Remember how we took a mini vacation for the New Year? Yeah. Well.....
In truth, I was excited about our cabin in a gated community. I could even get on board with the fact that we wouldn't be soaking in warm mineral pools on account of a jetted tub and fireplace making up the loss. Plus I'd be able to cross traffic jam pie off my "Taste of MO" list, which made me happy. But Branson, ohhh Branson.
Branson is one of those places that is a mix between a carnival and a boardwalk (without the beach). Billboards boast gospel singers, celebrity impersonators, and redneck tenors. It has the feeling of a family-friendly Vegas, with neon lights and bold colors, but I wasn't convinced. Desolated water parks and miniature golf courses made our off-season visit more noticeable. If that wasn't enough, vacant motels with dingy for-sale signs dotted the landscape. Restaurants and kitschy shops were nearly all shut down for the season, leaving only the sketchiest of places open for business, with the exception of the sprawling Outlet Mall. Every turn we took I couldn't shake the eerie feeling. What was this fabricated place and why did people come here? Meanwhile, the voice inside my head kept growing louder, repeating You're a stranger here.
The rain prevented outdoor activities, which meant we watched movies, read books, and played board games. We ate Indian food and continued our fondue for two tradition. I even made it to midnight, which is kind of a feat for me. And then it was all over. We loaded up the car and I secretly vowed to not return any time soon.
On the road heading north, we decided to take a brief detour through the town of Springfield. I knew the little Red Velvet shop would be closed, but I still wanted to see the facade of the famous blogger sisters. So we drove through the seedy sections of town and eventually found what we were looking for. Window displays filled with vintage radios and 1940s clothing. I pressed my nose against the glass and looked in. I could see the bake shop to the right waiting for a freshly baked batch of honey cupcakes. I imagined going inside and browsing through collections of carefully curated finds, all perfectly suited to the hipster vibe of the two-year-old shop.

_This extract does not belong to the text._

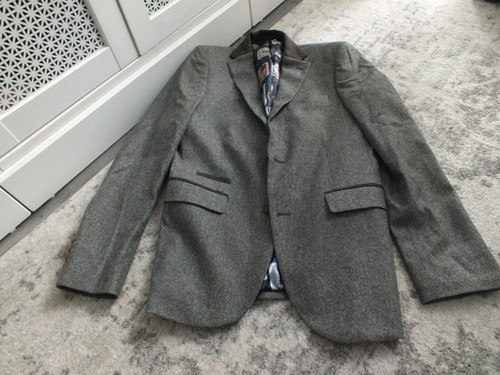 Men next country - men's,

Since it was lunch time on New Year's Day I figured we should stop for a bite to eat. On the way into town there was one corner that I'd seen with several people inside, which is usually a good indicator of a tasty local spot. We turned around and headed back up the road. Again the place was packed. So we parked and walked towards the entrance. I envisioned locally sourced produce and a menu reflective of the season, complete with an assortment of delicate homemade sweets. Bundled against the cold day we walked past the window and I glanced into the frosty pane to get a better sense of what type of meal we'd be enjoying, and I noticed several yellow cafeteria trays. Oh, I thought, comfort food. Well, that won't be so bad. Once inside the lobby I knew something was amiss. The tiled entryway and grand staircase reflected that we were in fact inside the Hotel Missouri, as the outside sign indicated, but the odd smell and rundown appearance didn't match my conception of what a charming place this would be. There had been so many people in the dining room, certainly it was a favorite spot among the locals. Undeterred, I asked the woman at the lobby counter where the restroom was. (Hotels are notoriously great places for scouting out clean restrooms when traveling in unknown cities.) She gave me a strange look and said "No, I'm sorry ma'am, but this here's a homeless shelter."
Suddenly the bedraggled folks came into focus. I looked into the dining room and sure enough the guests were not enjoying collared greens and mac n' cheese, but canned globs of color separated into square compartments. I eked out a mixed apology and thank you before turning to leave. Using all my willpower I managed to get outside the building before bursting into great wide laughs.